Exercise –
Every line of the data should be written out exactly, with the pictures left out.

::: Material to process :::

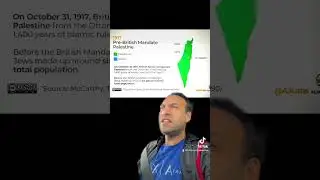Pre British Mandate Palestine 1918 - what happen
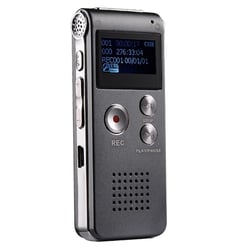 Dictaphone Professionnel USB Avec Enregistreur Vocal, Lecteur MP3 WAV et Fonction VAR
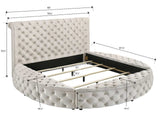 Brigitte Queen Storage Bed Ivory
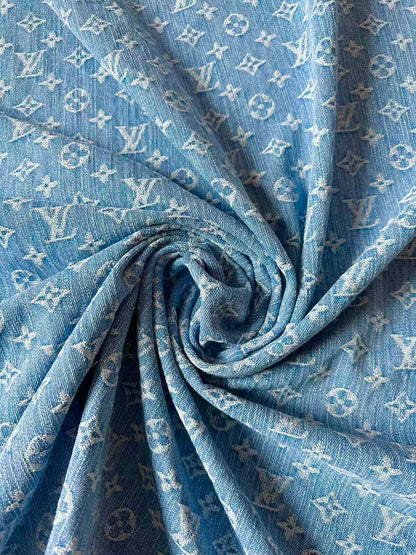 Fashion Bamboo Joint Wash LV Denim Fabric For Sewing Clothing,Bag ,Sneaker Upholstery Goods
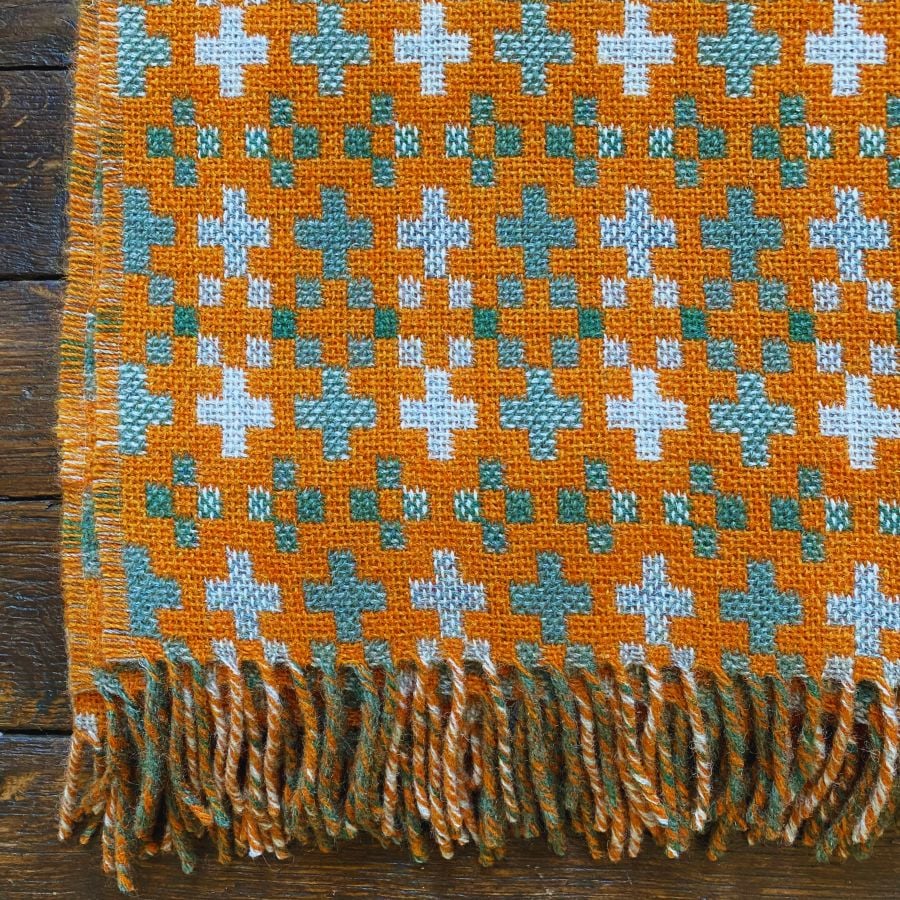 Eshton Blanket - Clementine Orange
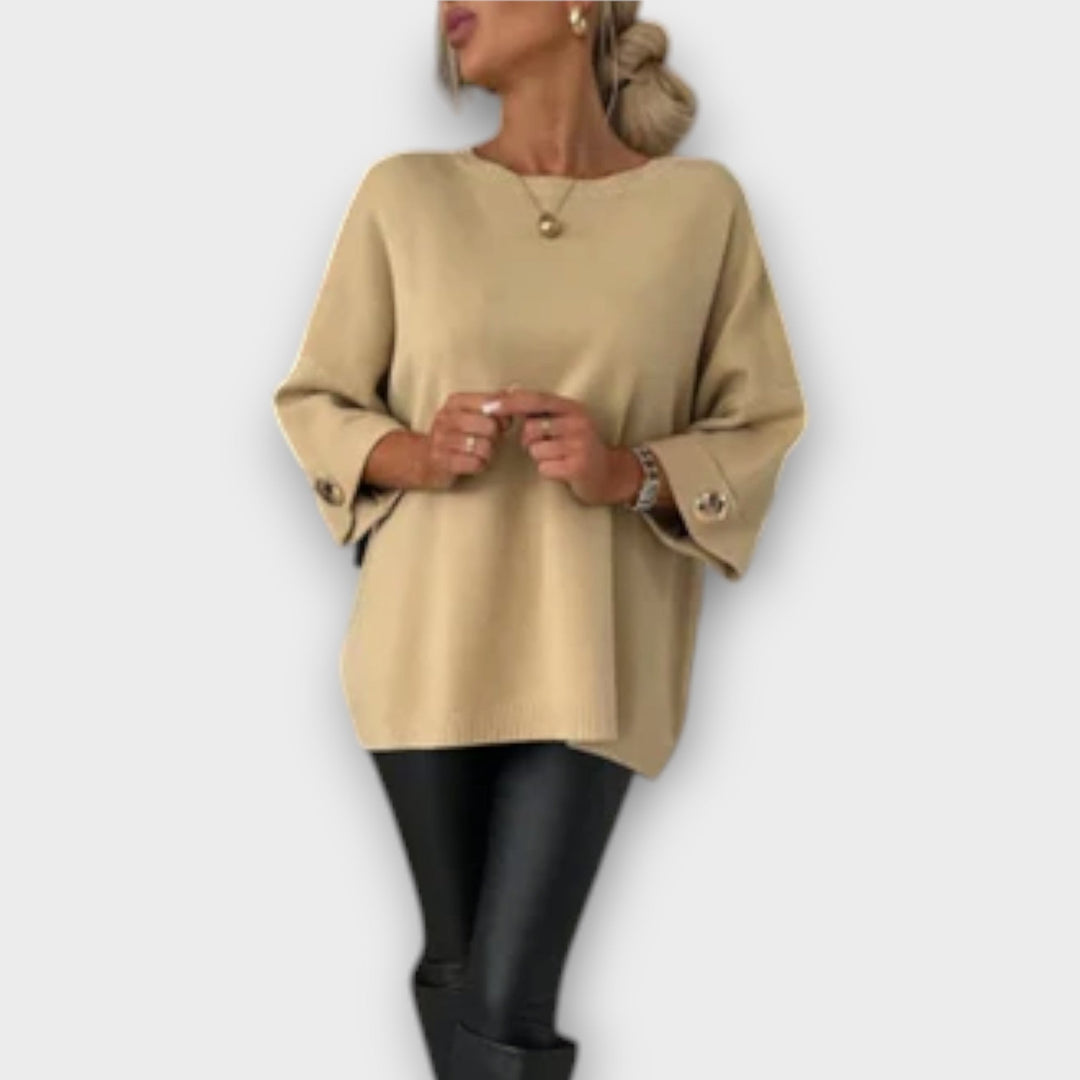 Izabelė - Eleganta Adīta Blūze
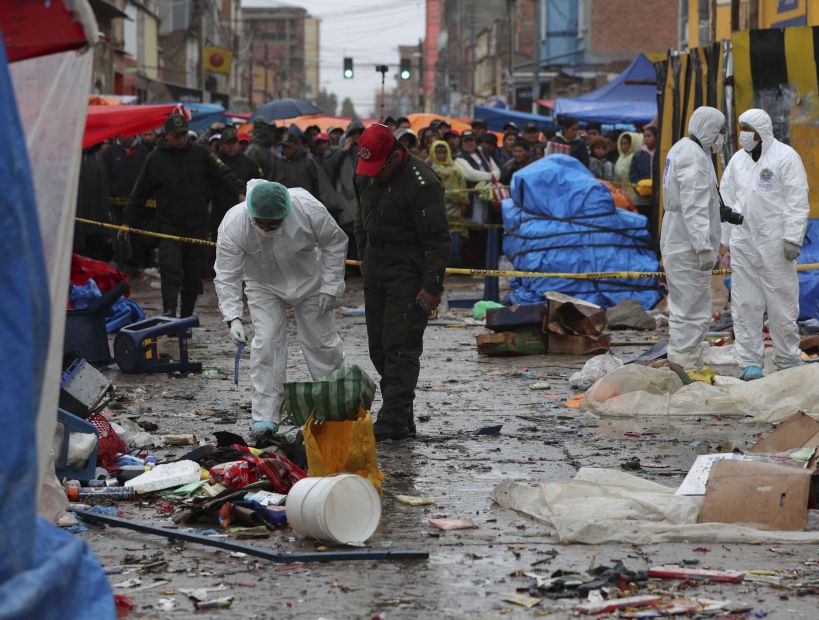 El número de muertos en explosión en Bolivia aumentó a ocho y hay 34 heridos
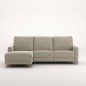 Sofá Otto chaise longue izquierda relax eléctrico de 260 cm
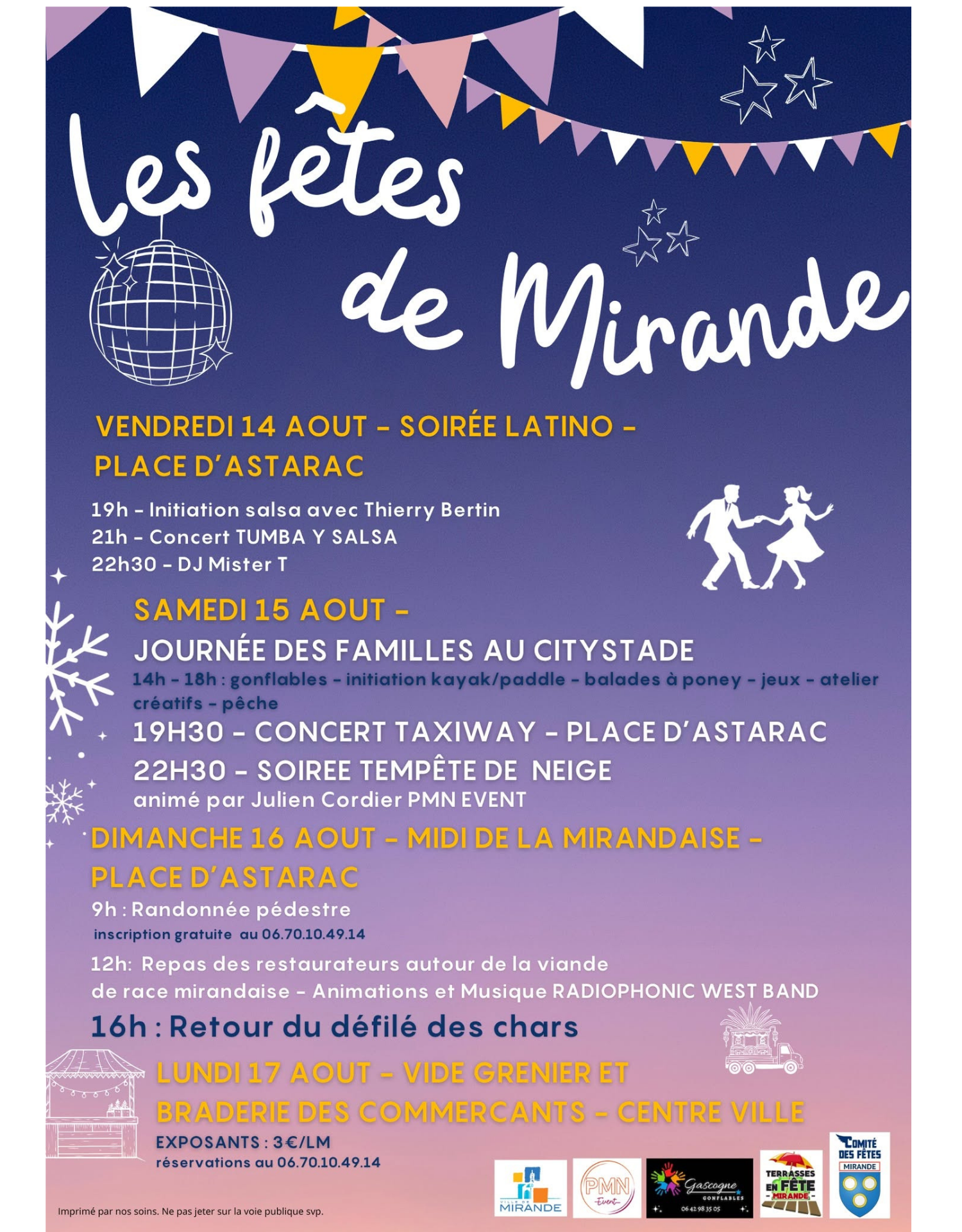 Fêtes patronales de Mirande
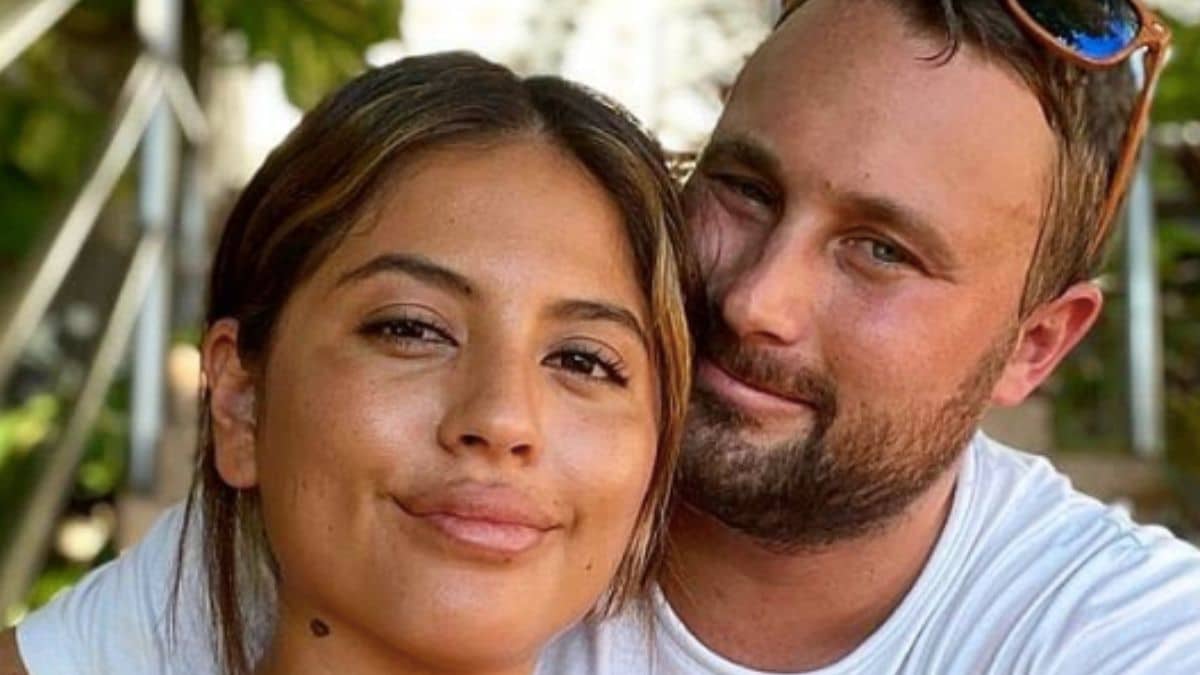 90 Day Fiance couple Corey Rathgeber and Evelin Villegas close-up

:::

Answer space –
Pre British Mandate Palestine 1918 - what happen
 Dictaphone Professionnel USB Avec Enregistreur Vocal, Lecteur MP3 WAV et Fonction VAR
 Brigitte Queen Storage Bed Ivory
 Fashion Bamboo Joint Wash LV Denim Fabric For Sewing Clothing,Bag ,Sneaker Upholstery Goods
 Eshton Blanket - Clementine Orange
 Izabelė - Eleganta Adīta Blūze
 El número de muertos en explosión en Bolivia aumentó a ocho y hay 34 heridos
 Sofá Otto chaise longue izquierda relax eléctrico de 260 cm
 Fêtes patronales de Mirande
 90 Day Fiance couple Corey Rathgeber and Evelin Villegas close-up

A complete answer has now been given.